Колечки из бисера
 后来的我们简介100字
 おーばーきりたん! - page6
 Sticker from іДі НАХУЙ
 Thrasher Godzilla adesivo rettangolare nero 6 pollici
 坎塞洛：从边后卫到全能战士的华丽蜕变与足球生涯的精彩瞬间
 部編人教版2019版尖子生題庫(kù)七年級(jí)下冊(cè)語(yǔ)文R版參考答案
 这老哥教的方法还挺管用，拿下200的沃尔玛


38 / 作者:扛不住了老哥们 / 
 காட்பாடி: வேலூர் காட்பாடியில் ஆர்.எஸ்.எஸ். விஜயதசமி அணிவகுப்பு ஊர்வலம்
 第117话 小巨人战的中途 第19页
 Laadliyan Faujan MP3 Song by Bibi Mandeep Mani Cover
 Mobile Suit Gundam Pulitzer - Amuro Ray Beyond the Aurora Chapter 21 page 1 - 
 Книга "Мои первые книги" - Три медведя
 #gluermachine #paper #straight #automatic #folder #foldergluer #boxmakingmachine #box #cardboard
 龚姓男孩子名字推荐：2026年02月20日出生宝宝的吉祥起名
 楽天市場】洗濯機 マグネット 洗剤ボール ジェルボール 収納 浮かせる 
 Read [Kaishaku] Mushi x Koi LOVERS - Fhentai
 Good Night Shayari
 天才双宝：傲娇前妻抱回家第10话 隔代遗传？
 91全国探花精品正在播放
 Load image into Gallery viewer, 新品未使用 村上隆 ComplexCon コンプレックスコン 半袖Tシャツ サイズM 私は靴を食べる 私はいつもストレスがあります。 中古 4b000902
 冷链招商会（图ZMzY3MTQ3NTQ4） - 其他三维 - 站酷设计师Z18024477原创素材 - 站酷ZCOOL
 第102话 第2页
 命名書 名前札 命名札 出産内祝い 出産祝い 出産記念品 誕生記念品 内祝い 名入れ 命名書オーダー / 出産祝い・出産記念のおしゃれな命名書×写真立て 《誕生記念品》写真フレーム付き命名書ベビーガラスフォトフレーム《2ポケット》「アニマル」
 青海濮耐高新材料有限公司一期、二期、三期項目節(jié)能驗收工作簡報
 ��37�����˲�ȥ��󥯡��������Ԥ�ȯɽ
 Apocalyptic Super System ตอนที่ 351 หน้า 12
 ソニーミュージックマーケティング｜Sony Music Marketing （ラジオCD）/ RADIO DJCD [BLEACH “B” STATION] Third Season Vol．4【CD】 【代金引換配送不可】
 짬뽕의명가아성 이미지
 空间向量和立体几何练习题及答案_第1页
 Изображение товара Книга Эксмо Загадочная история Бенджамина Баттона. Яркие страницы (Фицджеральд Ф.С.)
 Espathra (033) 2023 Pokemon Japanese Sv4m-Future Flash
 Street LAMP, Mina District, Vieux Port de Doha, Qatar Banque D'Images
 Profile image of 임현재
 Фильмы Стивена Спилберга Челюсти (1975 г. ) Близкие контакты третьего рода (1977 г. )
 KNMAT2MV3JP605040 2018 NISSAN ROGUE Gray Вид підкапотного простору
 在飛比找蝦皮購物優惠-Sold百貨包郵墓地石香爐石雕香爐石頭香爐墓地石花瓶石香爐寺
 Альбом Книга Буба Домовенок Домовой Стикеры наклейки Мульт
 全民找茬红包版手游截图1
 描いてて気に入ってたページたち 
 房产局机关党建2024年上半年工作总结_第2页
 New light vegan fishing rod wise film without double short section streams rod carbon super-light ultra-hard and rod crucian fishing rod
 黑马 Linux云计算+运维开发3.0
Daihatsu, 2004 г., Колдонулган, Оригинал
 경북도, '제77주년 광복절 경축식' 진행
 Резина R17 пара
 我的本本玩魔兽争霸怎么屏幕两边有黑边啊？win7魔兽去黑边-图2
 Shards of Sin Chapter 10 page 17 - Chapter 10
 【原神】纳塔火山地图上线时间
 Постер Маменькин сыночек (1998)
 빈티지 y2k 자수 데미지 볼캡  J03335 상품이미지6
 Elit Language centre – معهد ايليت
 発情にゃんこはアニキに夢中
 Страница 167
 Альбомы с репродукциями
====
What is being asked
Repeat, exactly, every line from the one containing "Daihatsu, 2004 г., Колдонулган, Оригинал" through the final line of the listing above, adding nothing.

Result below
Daihatsu, 2004 г., Колдонулган, Оригинал
 경북도, '제77주년 광복절 경축식' 진행
 Резина R17 пара
 我的本本玩魔兽争霸怎么屏幕两边有黑边啊？win7魔兽去黑边-图2
 Shards of Sin Chapter 10 page 17 - Chapter 10
 【原神】纳塔火山地图上线时间
 Постер Маменькин сыночек (1998)
 빈티지 y2k 자수 데미지 볼캡  J03335 상품이미지6
 Elit Language centre – معهد ايليت
 発情にゃんこはアニキに夢中
 Страница 167
 Альбомы с репродукциями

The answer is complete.